The epistolary format also gives the reader the sense of eavesdropping on a private conversation. We listen in on Woolf's suggestions to a barrister on how to prevent war, to a women's league on how to support females in the professions, and to a women's college on how to encourage female scholarship. All three sources have written to Woolf asking for financial donations. What she donates, though, is her advice and philosophy.

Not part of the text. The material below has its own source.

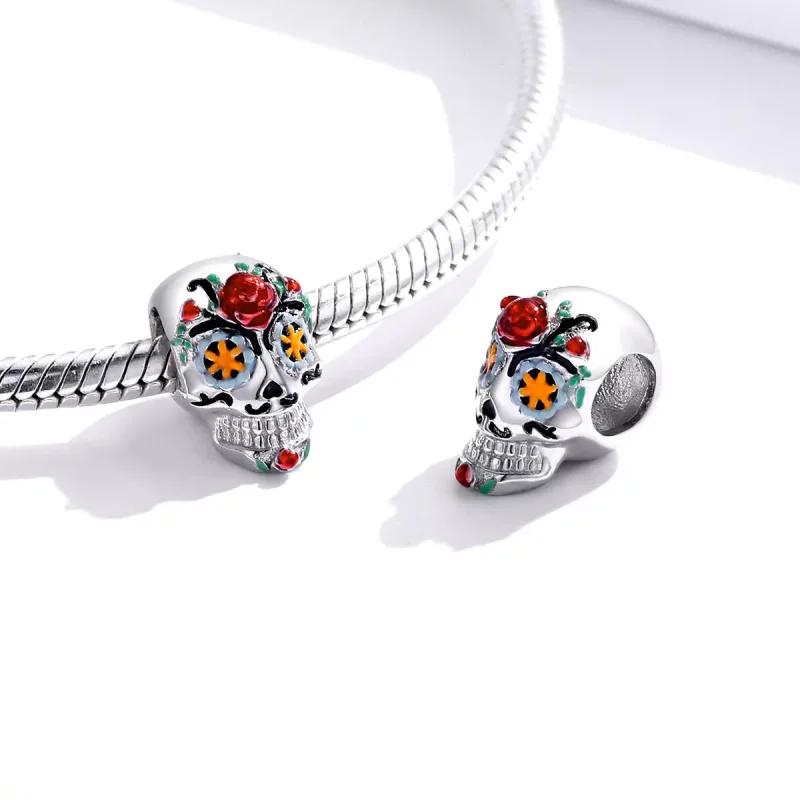 (imagen para) Charm de Calavera estilo Pandora Shine para Halloween - BSC326 - Ver 4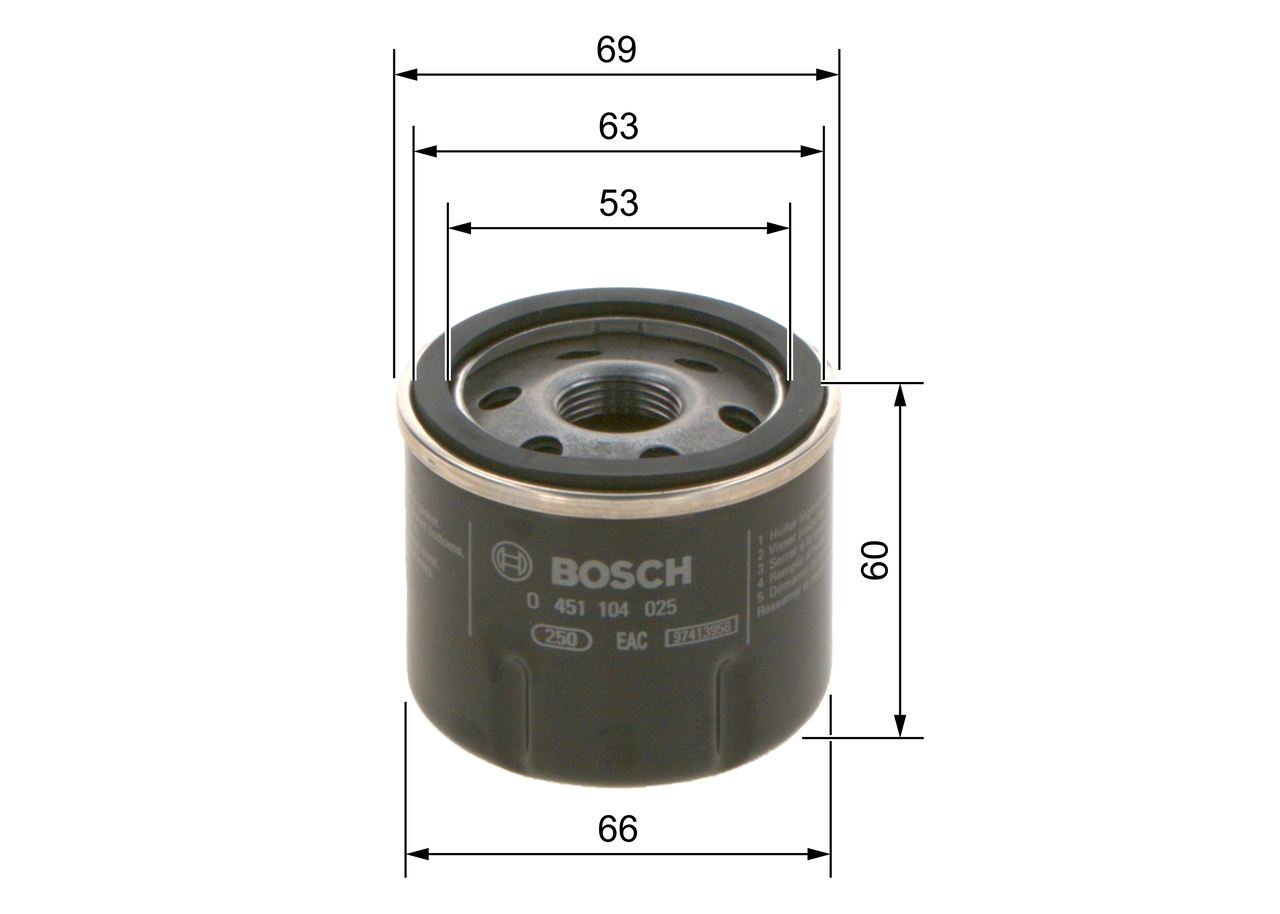 Yag Filtresi Logan Sandero Clio Kangoo Modus Thalia Twingo Symbol 1.2 | BOSCH 0451104025 | OEM 7700863124 7700863124 7700112686 7700867824 7700112686 7700867824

Woolf was eager to tie the issues of war and feminism together in what she saw as a crucial point in history. She and her husband Leonard had visited both Nazi Germany and Fascist Italy in the early part of the decade. The ideology of fascism was an affront to Woolf's conviction in pacifism as well as feminism: Nazi philosophy, for example, supported the removal of women from public life.

Reception

Contemporary responses 
Q. D. Leavis (literary critic) wrote a scathing critique of Three Guineas shortly after its publication in 1938. She denounces the essay because it is only concerned with 'the daughters of educated men', seeing Woolf's criticisms as irrelevant to most women because her wealth and aristocratic ancestry means she is 'insulated by class'. Elsewhere Three Guineas was better received. Woolf reports a favorable response in her diary of 7 May 1938. "I am pleased this morning because Lady Rhonda writes that she is profoundly excited and moved by Three Guineas. Theo Bosanquet, who has a review copy, read her extracts. And she thinks it may have a great effect, and signs herself my grateful outsider."

Recent responses 
The views expressed in Three Guineas have been described as feminist, pacifist, anti-fascist, and anti-imperialist. Feminist historian Jill Liddington has praised Three Guineas as "an eloquent and impish attack on patriarchal structures", notes how the book puts forward the argument that "men's power under patriarchy dovetails with militarism", and claims "Three Guineas offers an important bridge between the earlier feminist flowering and the later 1980s wave of a women's peace movement".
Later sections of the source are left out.